*PROBLEM TO SOLVE*
The response should contain all of the records, copied exactly, and none of the images.

*DATA SUPPLIED*
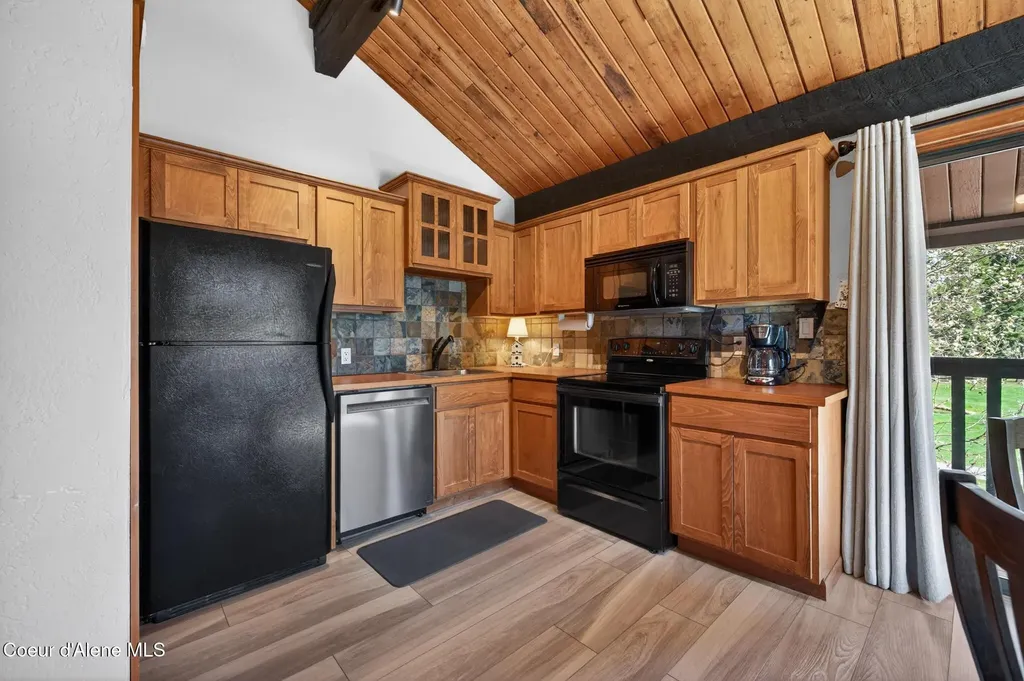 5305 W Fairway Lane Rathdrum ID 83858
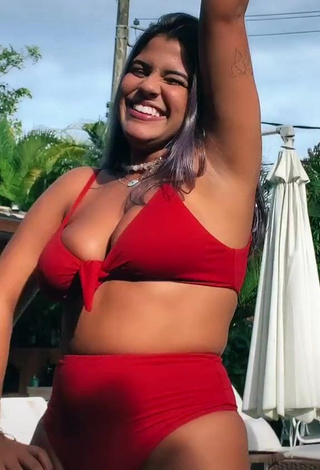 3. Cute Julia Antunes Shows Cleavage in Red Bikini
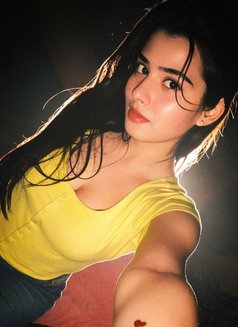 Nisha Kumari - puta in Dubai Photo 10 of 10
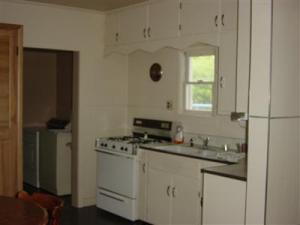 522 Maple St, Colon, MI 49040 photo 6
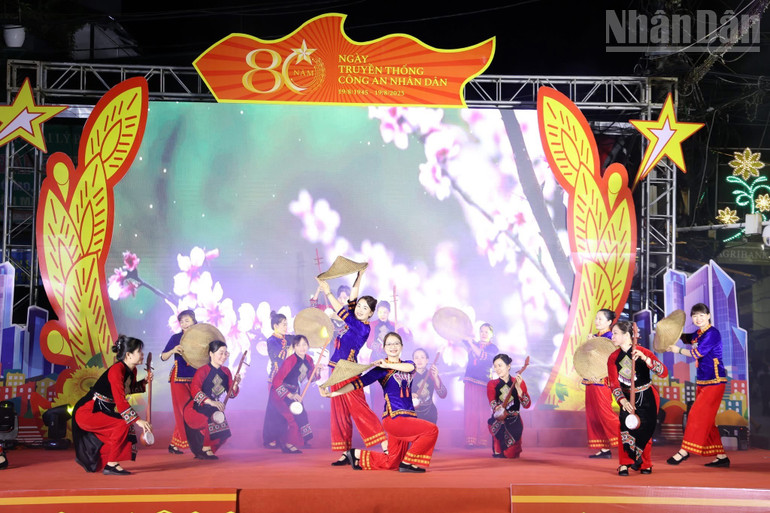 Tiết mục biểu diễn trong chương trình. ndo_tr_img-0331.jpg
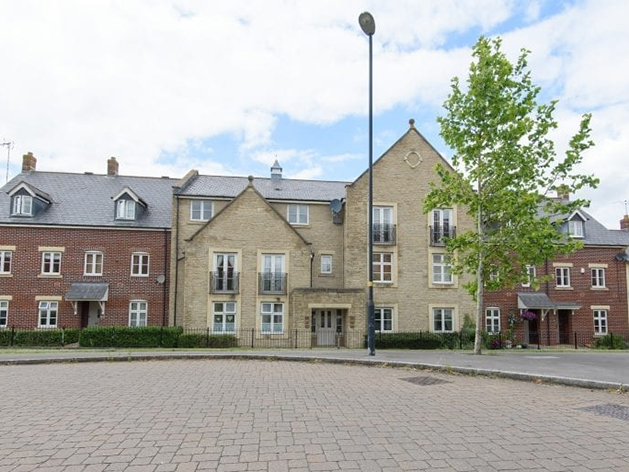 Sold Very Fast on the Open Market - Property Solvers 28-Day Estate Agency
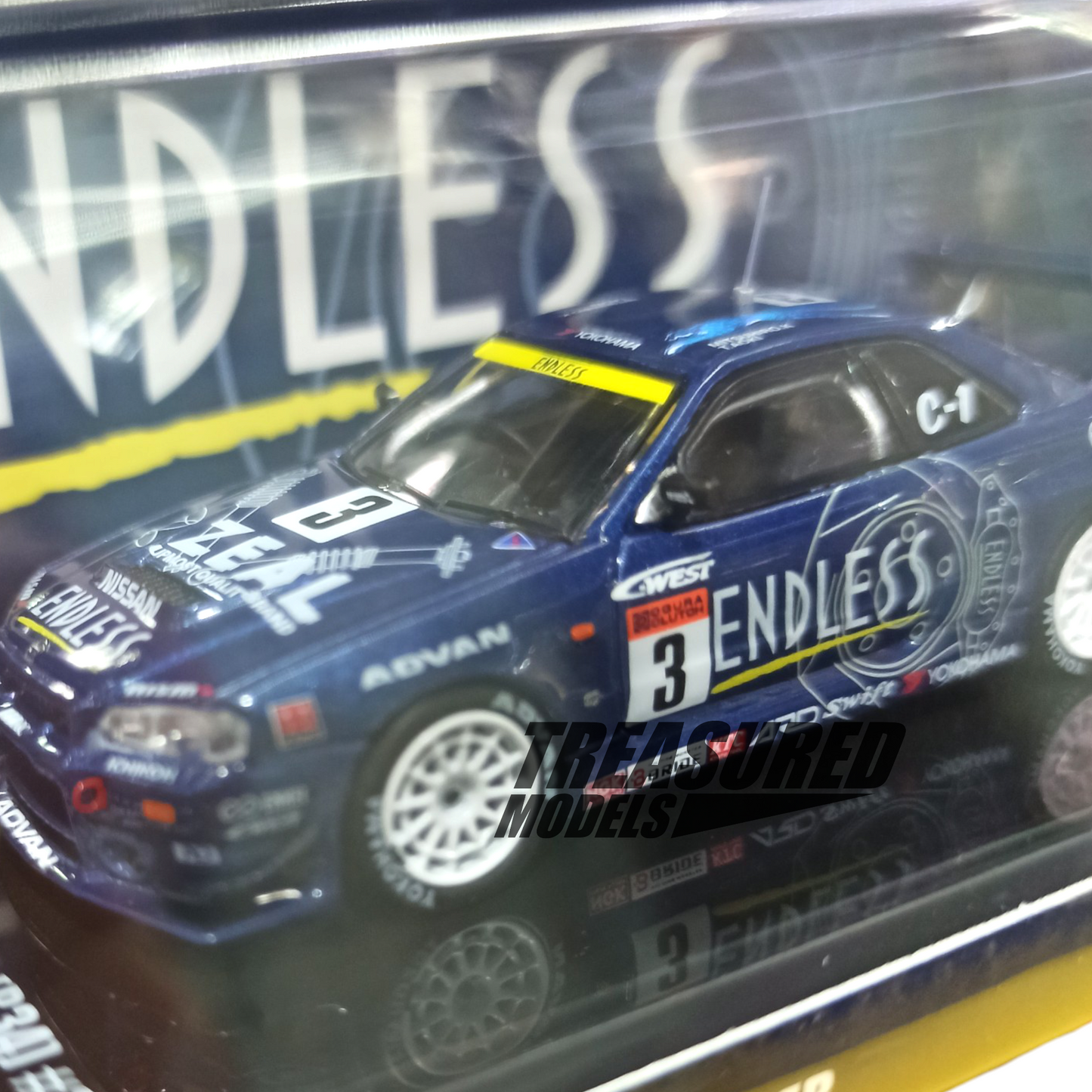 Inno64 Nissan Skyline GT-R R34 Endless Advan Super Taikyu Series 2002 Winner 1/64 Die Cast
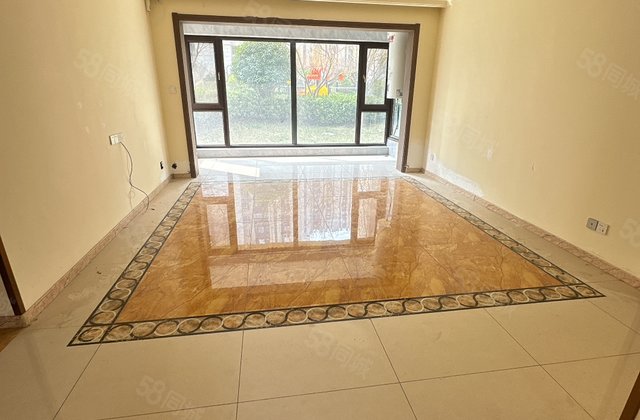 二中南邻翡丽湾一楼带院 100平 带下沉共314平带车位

*EXERCISE RESULT*
 5305 W Fairway Lane Rathdrum ID 83858
 3. Cute Julia Antunes Shows Cleavage in Red Bikini
 Nisha Kumari - puta in Dubai Photo 10 of 10
 522 Maple St, Colon, MI 49040 photo 6
 Tiết mục biểu diễn trong chương trình. ndo_tr_img-0331.jpg
 Sold Very Fast on the Open Market - Property Solvers 28-Day Estate Agency
 Inno64 Nissan Skyline GT-R R34 Endless Advan Super Taikyu Series 2002 Winner 1/64 Die Cast
 二中南邻翡丽湾一楼带院 100平 带下沉共314平带车位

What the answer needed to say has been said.